If you want to SSH to the instance, visit the application's Security Group in the Console. Then add a rule on the Incoming tab. Specifically you want to select "ssh" from Anywhere to the Asgard security group in the console. Then you can run ssh -i zerotocloud.pem ubuntu@. The "DNS Name" is at the top of the instance page.

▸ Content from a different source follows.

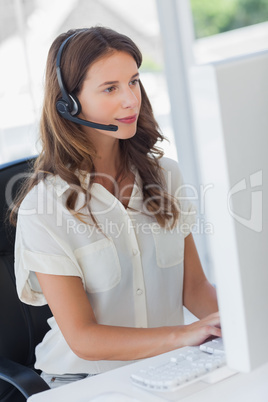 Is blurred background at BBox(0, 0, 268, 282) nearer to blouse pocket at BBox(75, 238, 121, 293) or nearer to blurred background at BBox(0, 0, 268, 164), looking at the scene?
blurred background at BBox(0, 0, 268, 164)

If the instance never comes up, it could be for a myriad of reasons. The most likely is that the AMI was sufficient to start the application, and hence it's not passing it's heathcheck. You can use the suggestion above to ssh to the instance to see what it's state is. The other common occurance is that the networking isn't right. Security Groups are very powerful, but they can be easy to get wrong and hard to diagnose. Ensure the instance is healthy, then review your Security Group settings.

AWS CLI

If we had to do this with the aws cli, it would look like this:

aws ec2 create-security-group --group-name asgard-sg
aws ec2 authorize-security-group-ingress --group-id sg-123456 --protocol tcp --port 22 --cidr 0.0.0.0/0
aws elb create-load-balancer --load-balancer-name asgard-lb --listeners Protocol=string,LoadBalancerPort=80,InstanceProtocol=http,InstancePort=7001
aws autoscaling create-launch-configuration --launch-configuration-name asgard-lc --image-id ami-XXX --key-name zerotocloud --security-groups asgard-sg --instance-type m3.medium --iam-instance-profile jumphost
aws autoscaling create-auto-scaling-group --auto-scaling-group-name asgard-v000 --launch-configuration-name asgard-lc --min-size 1 --max-size 1 --desired-capacity 1 --availability-zones us-west-2b --load-balancer-names asgard-lb --tags ResourceId=string,ResourceType=string,Key=string,Value=string,PropagateAtLaunch=boolean

You'll notice that the output of one line become the input for the next one. For example the security group created in the first line is used in the second line. Since this is a unique name, it is very error prone.